No meio do caminho entre essas duas perspectivas, Tomás de Aquino introduziu a teoria da analogia na linguagem. Essa teoria postula que a fala pode ser entendida proporcionalmente ao discernir tanto as semelhanças quanto as diferenças entre um objeto e sua representação. Assim, ainda que limitada, a linguagem é adequada para comunicar coisas divinas.

No discurso teológico contemporâneo, há quatro campos distintos continuam a empregar inconscientemente combinações dessas abordagens.

O literalismo, muitas vezes considerado como uma ideologia da linguagem, prioriza as funções semânticas e referenciais da linguagem sobre seus aspectos pragmáticos, performativos ou dependentes do contexto (Coleman, 2006). Os defensores dessa perspectiva veem a linguagem e as proposições como o meio ideal de articular discussões sobre Deus. A univocidade considera uma relação íntima entre linguagem e realidade, sem maiores problemas ou limitações para a completa comunicação mediante a linguagem humana. A crença na univocidade por vezes recebe o nome de literalismo. Contudo, não se trata de uma leitura literal, pois muitos que se identificam como leitores literais apelarão para a linguagem simbólica ou contextualizada quando encontram passagens.

Uma abordagem alternativa é o raciocínio analógico, que reconhece as limitações inerentes da linguagem humana ao descrever o divino. É guiado por vários pressupostos:

  • A linguagem é confinada pela condição humana decaída e pelas terminologias e restrições contextuais do mundo cultural.
  • A linguagem emprega relações análogas, símbolos e figuras de linguagem.
  • A linguagem permanece adequada, apesar de suas limitações, para comunicar a revelação de modo humanamente compreensível.
  • A linguagem nunca pode capturar exaustivamente toda a essência de um assunto.
  • Somente Jesus, como o Logos (a Palavra de Deus), espelhou perfeitamente a realidade divina.

A linguagem analógica é semelhante ao emprego de vários mapas para representar os mesmos territórios, com alguns mapas servindo a propósitos específicos, enquanto nenhum pode abranger totalmente todos os aspectos do território.

Uma posição minoritária, é a teologia negativa.
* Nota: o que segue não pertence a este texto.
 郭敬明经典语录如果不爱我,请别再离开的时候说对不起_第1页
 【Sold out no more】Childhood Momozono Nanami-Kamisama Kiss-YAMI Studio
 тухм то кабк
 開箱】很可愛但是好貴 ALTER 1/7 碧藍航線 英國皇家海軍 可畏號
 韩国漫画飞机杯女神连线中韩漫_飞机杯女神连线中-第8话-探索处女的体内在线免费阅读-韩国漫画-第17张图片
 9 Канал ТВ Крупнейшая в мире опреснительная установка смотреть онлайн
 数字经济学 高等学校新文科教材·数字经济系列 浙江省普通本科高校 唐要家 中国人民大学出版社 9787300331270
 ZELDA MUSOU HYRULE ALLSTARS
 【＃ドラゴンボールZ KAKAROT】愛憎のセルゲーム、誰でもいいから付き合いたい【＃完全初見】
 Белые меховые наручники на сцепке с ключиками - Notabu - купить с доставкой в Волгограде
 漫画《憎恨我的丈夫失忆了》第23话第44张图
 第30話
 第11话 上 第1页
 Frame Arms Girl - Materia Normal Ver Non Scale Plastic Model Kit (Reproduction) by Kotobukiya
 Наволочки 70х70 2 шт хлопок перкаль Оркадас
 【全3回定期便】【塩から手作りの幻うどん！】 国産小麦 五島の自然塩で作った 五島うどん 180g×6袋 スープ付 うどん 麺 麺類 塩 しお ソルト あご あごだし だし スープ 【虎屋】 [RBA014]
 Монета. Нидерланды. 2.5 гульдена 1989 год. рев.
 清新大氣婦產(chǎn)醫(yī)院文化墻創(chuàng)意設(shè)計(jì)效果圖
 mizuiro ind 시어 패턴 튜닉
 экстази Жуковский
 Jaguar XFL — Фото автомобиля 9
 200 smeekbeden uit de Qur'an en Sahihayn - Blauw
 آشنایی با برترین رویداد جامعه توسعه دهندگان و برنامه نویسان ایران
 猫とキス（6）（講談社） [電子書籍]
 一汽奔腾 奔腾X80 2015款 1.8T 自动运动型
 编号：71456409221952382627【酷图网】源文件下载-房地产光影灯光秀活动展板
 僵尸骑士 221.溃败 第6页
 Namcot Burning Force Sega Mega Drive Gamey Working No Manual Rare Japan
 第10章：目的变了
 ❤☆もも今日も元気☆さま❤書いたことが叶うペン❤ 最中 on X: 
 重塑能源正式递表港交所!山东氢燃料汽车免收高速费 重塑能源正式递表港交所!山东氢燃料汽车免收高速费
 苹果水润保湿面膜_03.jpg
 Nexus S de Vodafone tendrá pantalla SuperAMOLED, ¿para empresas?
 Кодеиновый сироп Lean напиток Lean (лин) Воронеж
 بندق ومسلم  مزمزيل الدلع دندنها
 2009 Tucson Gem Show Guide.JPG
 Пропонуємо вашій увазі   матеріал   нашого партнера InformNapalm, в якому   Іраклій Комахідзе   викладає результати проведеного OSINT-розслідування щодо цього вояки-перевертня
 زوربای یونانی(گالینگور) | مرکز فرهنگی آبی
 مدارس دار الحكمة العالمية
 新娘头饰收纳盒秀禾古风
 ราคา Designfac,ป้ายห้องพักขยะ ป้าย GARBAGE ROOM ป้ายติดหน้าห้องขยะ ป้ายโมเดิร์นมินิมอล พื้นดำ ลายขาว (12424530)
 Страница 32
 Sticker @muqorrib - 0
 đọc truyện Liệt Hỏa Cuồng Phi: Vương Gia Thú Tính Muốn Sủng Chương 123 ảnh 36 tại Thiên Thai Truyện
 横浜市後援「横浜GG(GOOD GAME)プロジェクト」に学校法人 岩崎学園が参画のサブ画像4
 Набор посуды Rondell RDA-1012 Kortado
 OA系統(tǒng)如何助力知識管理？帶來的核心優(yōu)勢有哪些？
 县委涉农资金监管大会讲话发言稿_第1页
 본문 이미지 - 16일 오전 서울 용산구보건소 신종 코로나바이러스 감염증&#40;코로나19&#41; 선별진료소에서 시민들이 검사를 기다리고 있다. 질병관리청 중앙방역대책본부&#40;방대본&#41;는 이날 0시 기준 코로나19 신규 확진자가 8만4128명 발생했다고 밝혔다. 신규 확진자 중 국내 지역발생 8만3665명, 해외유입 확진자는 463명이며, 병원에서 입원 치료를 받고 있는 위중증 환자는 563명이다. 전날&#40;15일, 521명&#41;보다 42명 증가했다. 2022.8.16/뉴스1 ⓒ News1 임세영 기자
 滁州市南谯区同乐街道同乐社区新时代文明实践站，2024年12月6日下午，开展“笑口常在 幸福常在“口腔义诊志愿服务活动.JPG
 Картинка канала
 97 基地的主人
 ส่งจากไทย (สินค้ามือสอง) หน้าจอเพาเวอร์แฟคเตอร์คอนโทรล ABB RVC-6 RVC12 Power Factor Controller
É encontrada entre adeptos da deconstrução de Derrida, místicos, na teologia apofáttica e nas vertentes niilistas. Postula que a linguagem seja totalmente incapaz de comunicar as coisas divinas. Assim, há uma dependência em outras formas epistemológicas (experiências, por exemplo) para uma plena compreensão da realidade divina.

Por fim, a teoria da inefabilidade desafia a suposição tradicional de que a linguagem seja o único veículo para obter o conhecimento e o significado. Embora reconheça a capacidade comunicativa de transmissão do conhecimento pela linguagem, admite a existência de um domínio de experiência ou compreensão que transcende os limites da linguagem. Considera o conhecimento tácito, o raciocínio contingencial, formas não verbais de comunicação, conhecimentos relacional e a posteriori. Essa perspectiva pode ser encontrada em várias tradições filosóficas e religiosas e se cruza com tópicos como misticismo, ceticismo religioso e as limitações da cognição humana.

BIBLIOGRAFIA

Ashworth, E. Jennifer and Domenic D’Ettore, “Medieval Theories of Analogy”, The Stanford Encyclopedia of Philosophy (Winter 2021 Edition), Edward N. Zalta (ed.), https://plato.stanford.edu/archives/win2021/entries/analogy-medieval/.

Coleman, Simon. “When silence isn’t golden : Charismatic speech and the limits of literalism”. In Matthew Engelke & Matt Tomlinson (eds.), The Limits of Meaning: Case Studies in the Anthropology of Christianity. Berghahn Books, 2006 pp. 39–63.

Rayment-Pickard, Hugh. Impossible God: Derrida’s Theology.  Taylor & Francis, 2018.